The Hidden Wealth of Europe

2017-04-17

Recently, with the publication of Capital in the twenty-first century (2014), research on economic inequality experienced long not seen prominence within public debate, most notably, enabling a discourse about the distribution of wealth. Gabriel Zucman (2015) sheds light on a highly-related phenomenon – the problem of tax evasion in tax havens – with importance particularly for European countries. However, the most promising potential solutions lie on international level cooperation. The European Union thus may play a major role, advancing progress in the fight against tax evasion.

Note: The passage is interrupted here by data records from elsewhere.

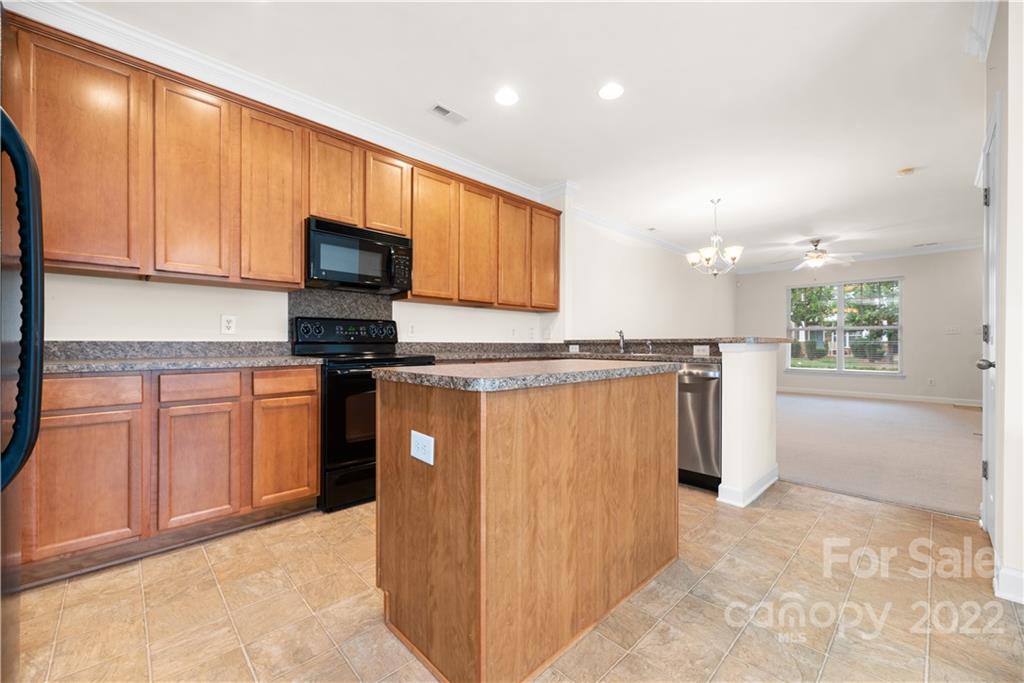 5133 Prosperity Church Road Charlotte, NC 28269 - Photo 10 of 37 a kitchen with granite countertop a refrigerator and microwave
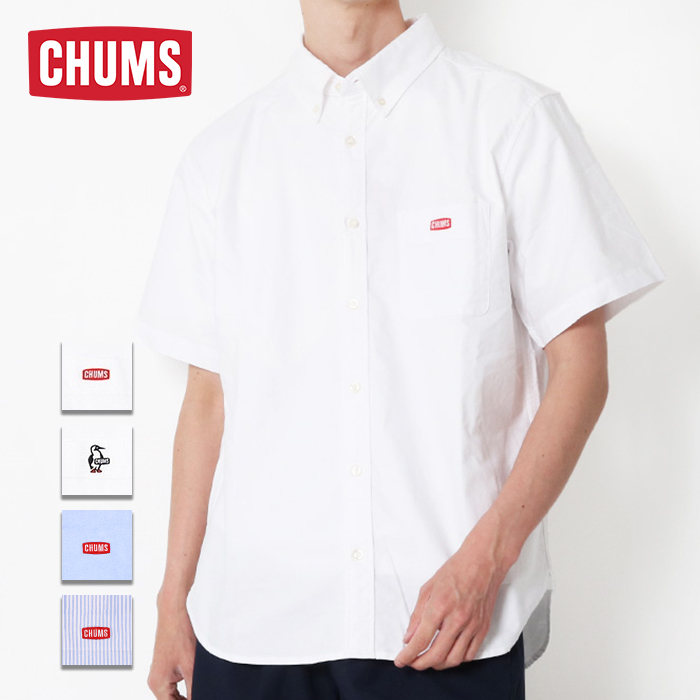 CHUMS（チャムス） オックスショートスリーブシャツ CH02-1182 半袖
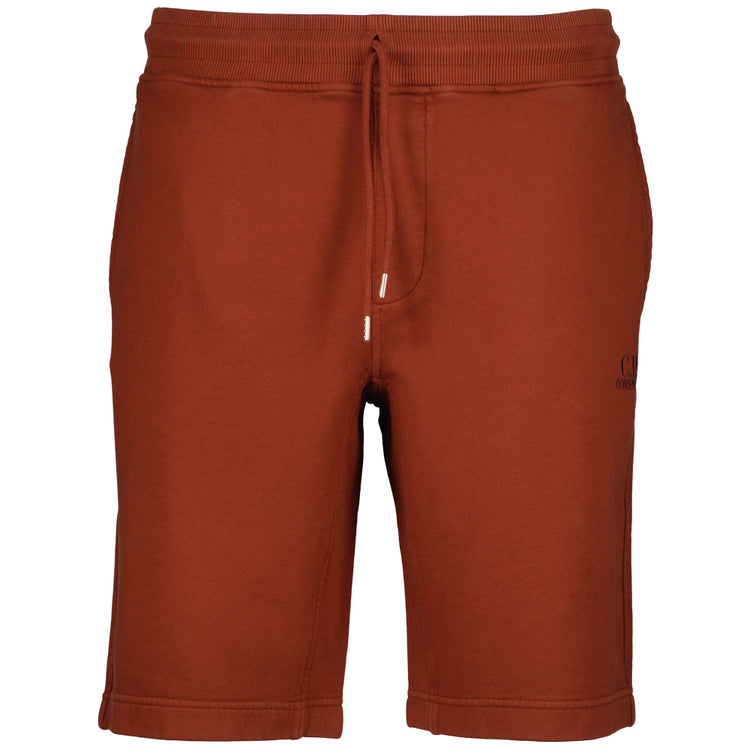 Cotton Diagonal Fleece Resist Dyed Logo Bermudas - Casual Basement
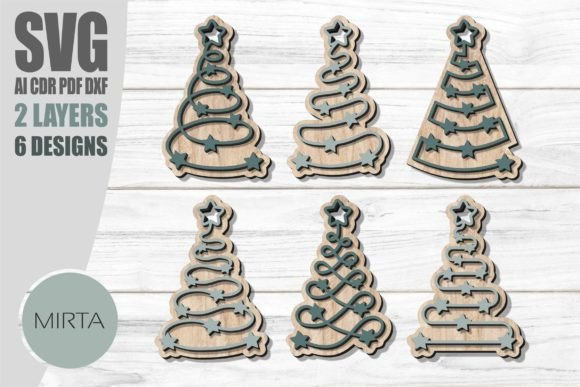 Download Christmas Tree Ornament Svg, Laser Cut - Tree Collection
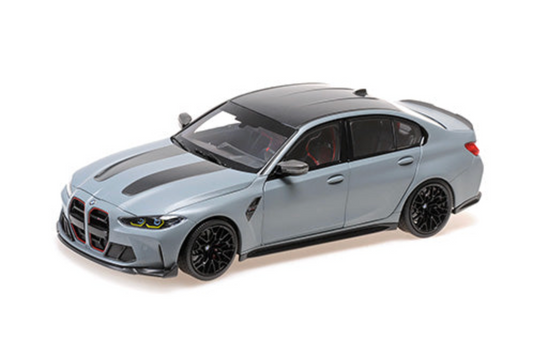Minichamps 2023 BMW M3 CS (G80) Brooklyn Grey Metallic 1:18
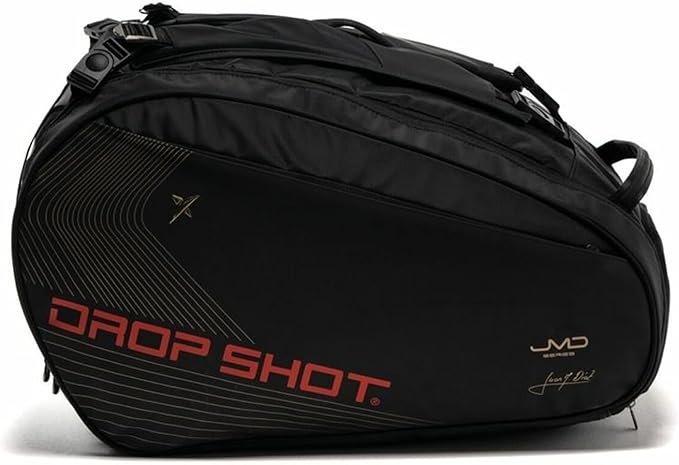 Drop Shot Airam JMD Unisex Padel Racket Bag - Holds up to 2 padel rackets - Versatile Multicolor padel bag - alternative for Tennis Athletes - Multiple Pockets and Shoe Bag by JMD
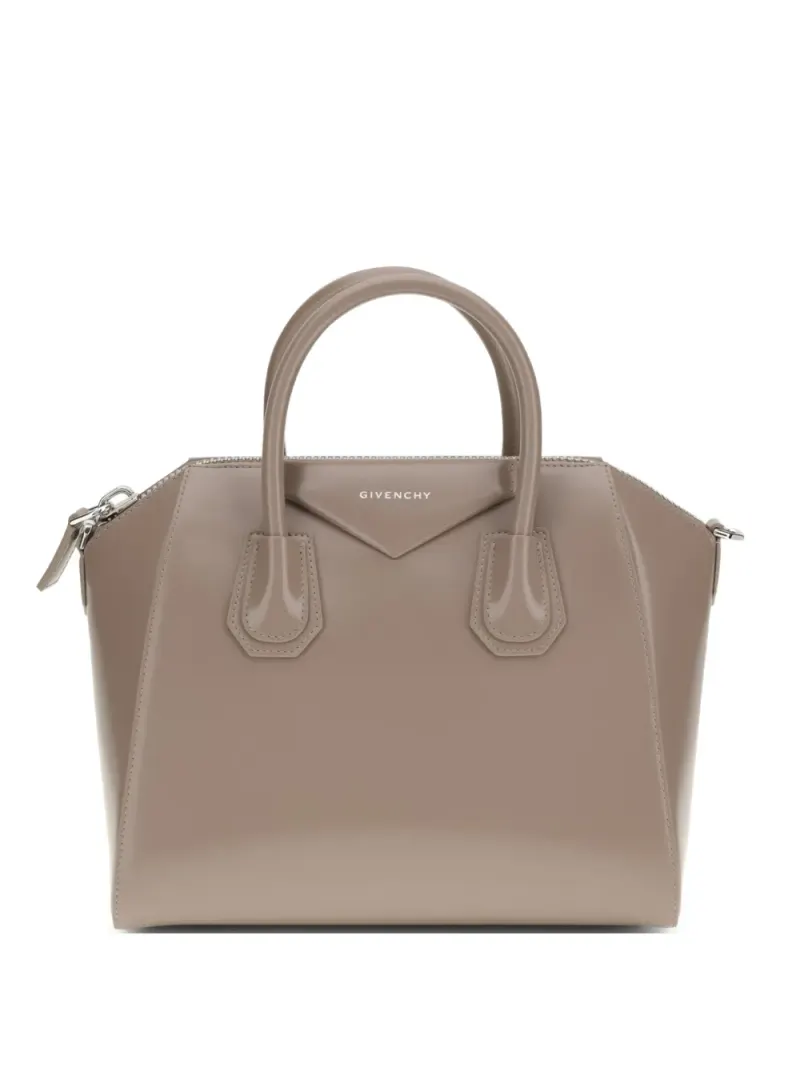 Givenchy Kleine Antigona Schultertasche mit Logo in Nude
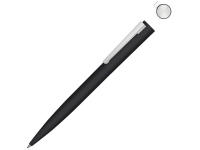 Ручка шариковая металлическая «Brush Gum», soft-touch, черный, металл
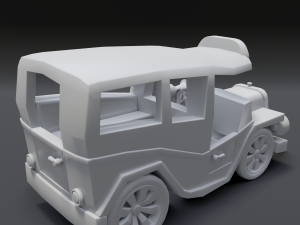 cartoon van Model 3D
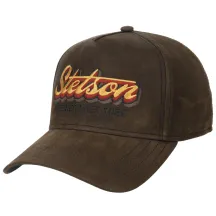 Casquette Trucker St James's Cuir Marron - Stetson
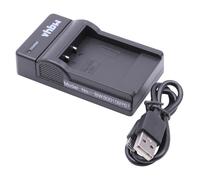 vhbw Chargeur USB de batterie compatible avec Polaroid T1031, T1035, T1232, T1234, T1235 batterie appareil photo digital, DSLR, action cam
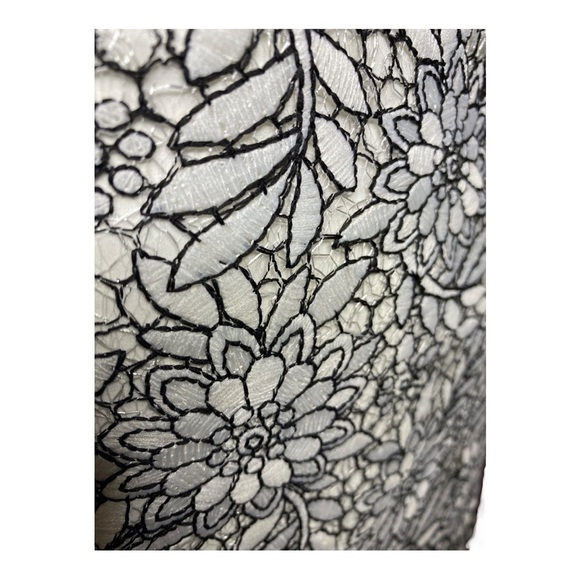 Stylestalker Dress Black & White Floral Minidress Size XS - Picture 4 of 8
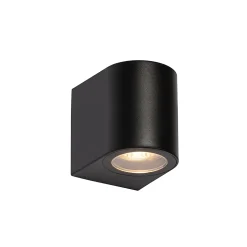 Applique murale extérieure moderne en plastique noir ovale - Baleno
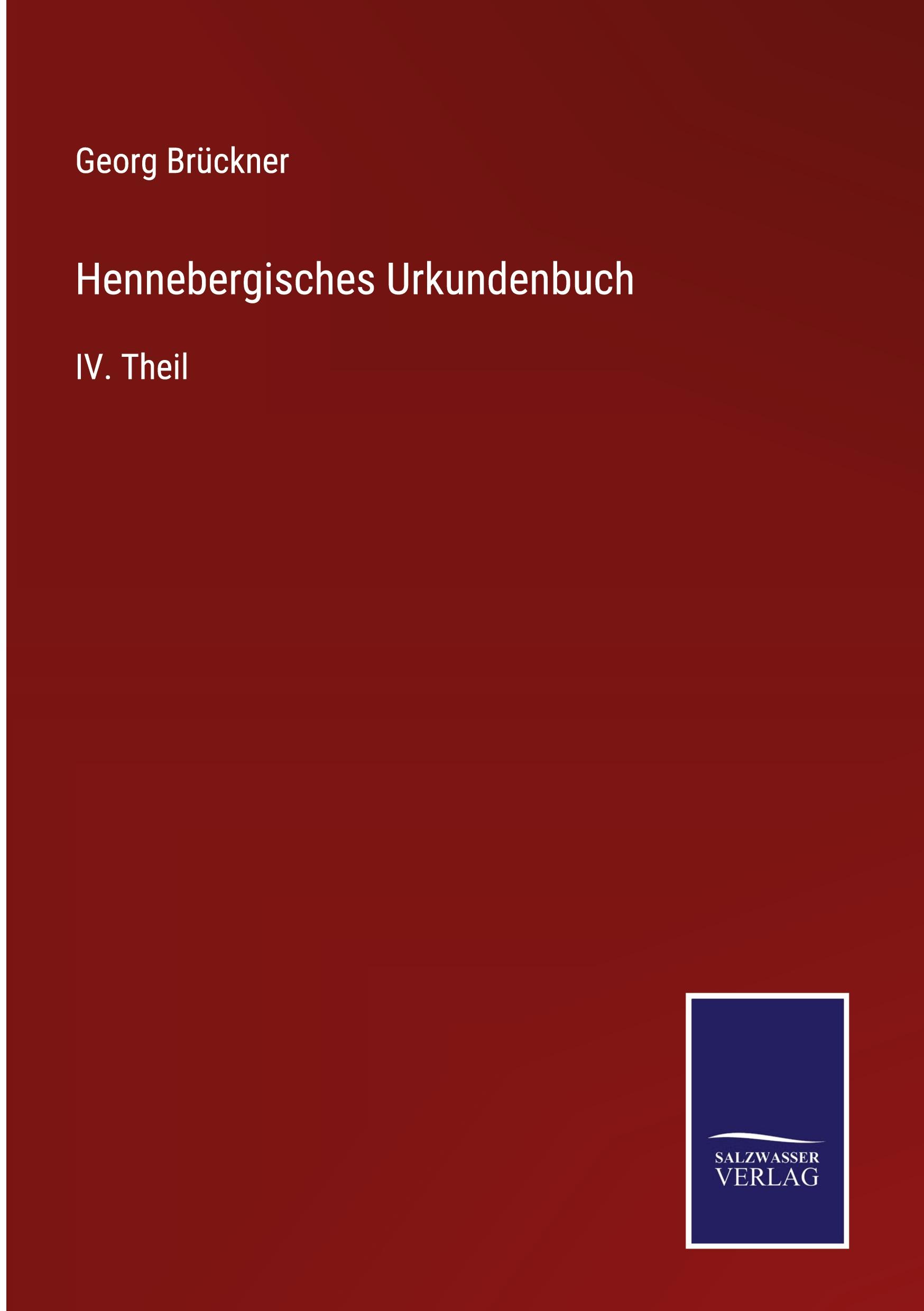 Hennebergisches Urkundenbuch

The Hidden Wealth of Europe

Severe Losses from Tax Evasion

According to the new and unique estimates provided by Zucman, 8% of worldwide financial wealth is held in tax havens, reducing worldwide tax revenues (investment income taxation, inheritance taxation, wealth taxation), relying on conservative estimates, by roughly $200 billion every year. The phenomenon has particularly importance for Europe. In 2013 Europeans held roughly 10% of their entire financial wealth in tax havens (thereof 2/3 in Switzerland), creating losses in tax revenues of $78 billion.
On one hand, tax havens are used by the wealthy to avoid income, inheritance and wealth taxation which is generally illegal. Corporations avoid taxes legally, using tax loopholes. The former phenomenon is particularly related to countries as Switzerland, Luxembourg and Liechtenstein (in Europe), the latter is primarily related to Ireland and the Netherlands (and has high importance especially for the United States where tax evasion by multinational corporations amounts $130 billion every year).

Tax Evasion in Europe

The mother of all tax havens, Switzerland, emerged shortly after the First World War when European countries started to raise taxes on income and wealth (Figure). In the absence of automatic information exchange procedures, banking secrecy provided the possibility to hide wealth (and income generated by this wealth) easily. Today’s offshore wealth amounts $7.6 trillion (8% of global wealth) of which $2.3 trillion (roughly a third) is held in Switzerland. The money that officially lies on Swiss bank accounts, however, does not stay in Switzerland (which would anyway have severe impact on the Swiss currency), but is invested in other tax havens, primarily in Luxembourg, where taxes on investment income are virtually zero. It is this combination, banking secrecy that hides the true owners of wealth, and zero investment income taxation provided by some countries that allows for the previously described scope of contemporary tax evasion.
The losses of tax evasion are primarily carried out by the great economies – France, Germany and Italy in Europe. The losses do not only occur due to the evasion itself, but also due to attempts to reduce the very incentives to avoid taxes. Taxation of investment income has been lowered in all european economies; Italy for instance nowadays essentially taxes solely real estate. The actual losses (due to these reductions in tax rates – which can be seen as a reaction to the scope of tax evasion) are thereby much higher than the beforehand introduced estimates suggest.

Zucman EZG Graph Kopie

Tax Evasion and just Societies

The extent of tax evasion nowadays leads to a reduction of tax burdens thereby reducing actual tax rates for the very part of societies that already evades taxes. Only a small part of the population essentially – the richest households (1% richest or even the 0.1% richest households) – evades taxes. However, this can be of high importance not only for tax revenues but also for society’s justice, since the very end of wealth distributions usually holds substantial parts of the entire wealth and income of societies. This very end of the wealth distribution, hence the richest households, nowadays face lesser effective tax rates than the middle part of the society.

Are Solutions Available?

Despite the proclamations of several institutions and countries that the century of tax evasion would be past, little change occurred in the last years. The fatalists are on the rise, declaring the combat against tax evasion to be lost. Fortunately, tax evasion is no natural emerging law and phenomenon, but located in the social realm. There are potential solutions. According to Zucman, automatic information exchange between countries is essential. International information on global wealth holders do exist, but are controlled by private companies. This situation must and can be changed, as recent attempts like the Foreign Account Tax Compliance Act (FATCA) in the United States, establishing automatic information exchange, forcing tax havens to give up their secrecy laws, show. The experience of the past century, however, suggests that tax havens will improbably stop providing the services of "wealth management" if they are not forced to do so. Happily, simple economic insight advices to threaten tax havens with costs equally high as the profits gained by the provision of their services. Since tax havens are essentially small (Switzerland is the largest), the threat of an introduction of tariffs by greater economies (e.g. by France, Germany and Italy in the case of Switzerland) can be a way to force them to give up on their globally harmful services.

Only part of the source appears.